Oracle currently charges its customers two ways: named users, where the databases are licensed to specific users' machines; and concurrent users, where the database can be accessed by a set number of users, no matter who they are.
The database giant plans to offer a third pricing option for customers, based on the size and power of server processors, an Oracle spokeswoman said.
Analysts say the current per-user license plan hasn't worked for Web sites because Oracle and Internet-based businesses do not know how many people will hit the database, though Web servers, at any given time.
The new pricing model--based on processor power, or Millions of Instructions Per Second (MIPS)--is a better way to gauge usage and will help Oracle make more money from Internet customers, analysts say.
An Oracle spokeswoman doesn't know if the new pricing option will mean companies will save money or have to pay more, but analysts believe Oracle will rake in more profits from the new model. "Every time you upgrade the machine with more power, Oracle can charge more for it," said analyst Mike Sun, of Giga Information Group.

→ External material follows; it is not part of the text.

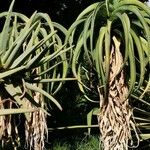 Aloe thraskii Hábitos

The new strategy also goes hand-in-hand with Oracle's overall Internet push. The company has Web-enabled all its products, from the new 8i database to enterprise resource planning (ERP) applications.
"With the advent of the Web, there's really no way to count how many users will hit a database. It's difficult to track because you have peaks and valleys. Do you take an average number? The high or low value? Customers aren't going to stand for it," said Giga's Sun. "With the MIPS-based model, Oracle is saying the bigger your hardware, the more users you handle. Therefore, we'll charge you more."
Analyst Carl Olofson, of International Data Corporation, agrees. "There's an underlying assumption the reason you need more MIPS is the need for more scalability. That the database is working harder for you," he said. "If you're getting more value from the database, you should pay more for it."
Olofson believes the current per-user licensing fees may be scaring away potential customers because of the wild fluctuations of visitors to Web sites. "People who would be inclined to use Oracle for their Internet database could be discouraged because it could be very expensive," he said.
But Sun believes Oracle has worked out flat-fee pricing deals for Internet-based companies. Oracle denied that's the case.
Oracle has worked on the new pricing plan for several months and it may take another several months before it's rolled out, the spokeswoman said.
Sun said it may be taking a while to figure out the plan because MIPS-based pricing is complicated. "You don't want to rip off your customers because they will revolt," he said. "If you're paying $10,000 per server and your Sun server now generates 1,000 MIPS, and the new pricing model charges you $20,000, you're going to say, 'wait a minute.'"
Analysts said they believe IBM is the only other database vendor who licenses its database using a per-MIPS policy.